TASK BRIEF -> With the pictures left out, repeat every entry that follows exactly.

EXERCISE MATERIALS ->
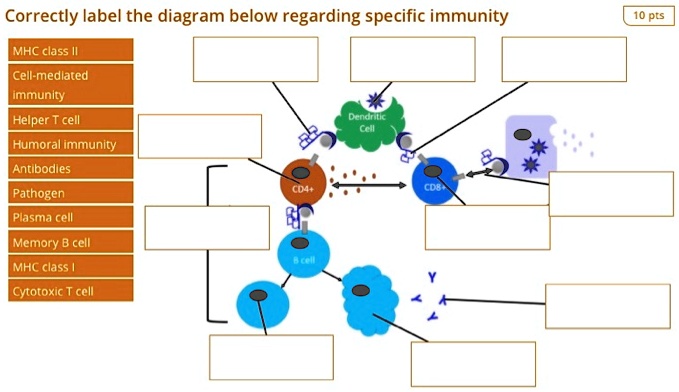 Correctly Order The Steps Involved Cellular Immunity correctly label the diagram below regarding specific immunity mhc class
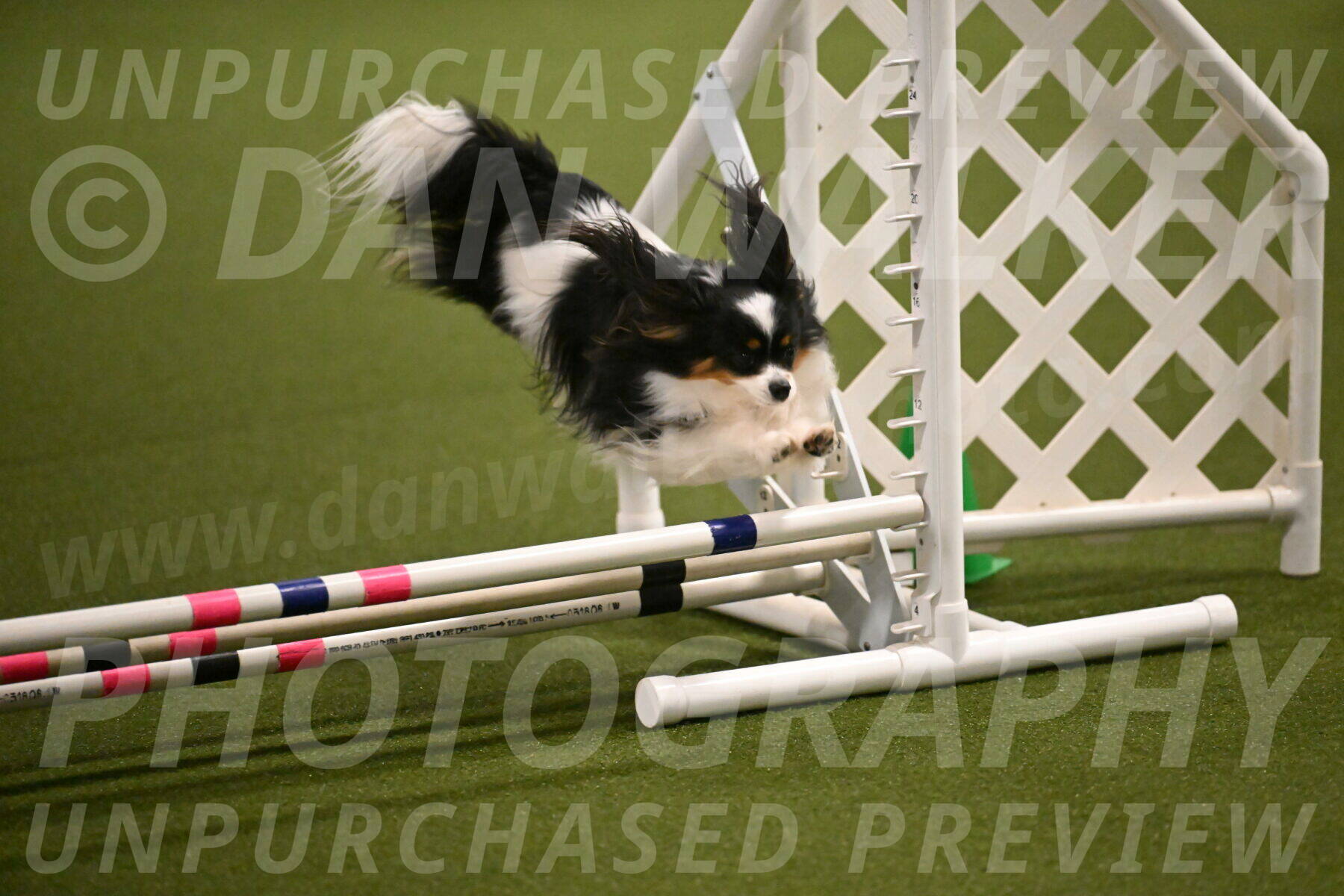 Maverick-Melinda-Sanford-11072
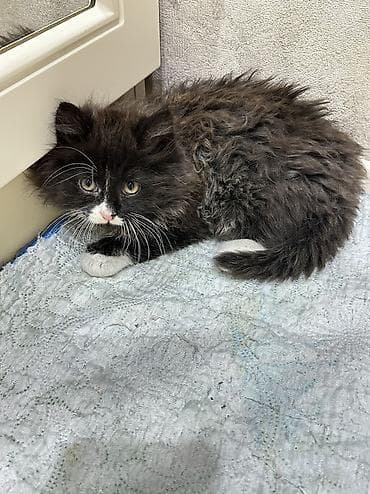 pişik balası satılır: V dobrie ruki pushistiy kotik. 2 mes devocka — 3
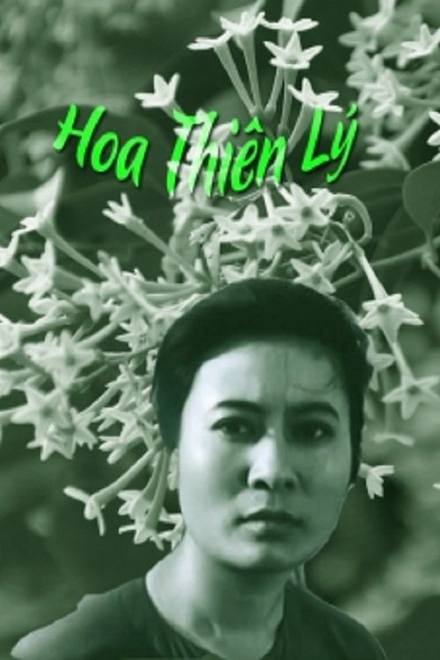 Hoa Thiên Lý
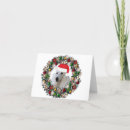 Search for standard christmas cards Poodles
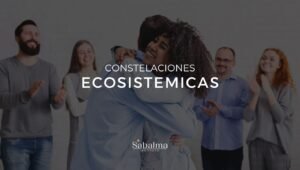 Formacion en constelaciones Ecosistemicas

RESPONSE AREA ->
 Correctly Order The Steps Involved Cellular Immunity correctly label the diagram below regarding specific immunity mhc class
 Maverick-Melinda-Sanford-11072
 pişik balası satılır: V dobrie ruki pushistiy kotik. 2 mes devocka — 3
 Hoa Thiên Lý
 Search for standard christmas cards Poodles
 Formacion en constelaciones Ecosistemicas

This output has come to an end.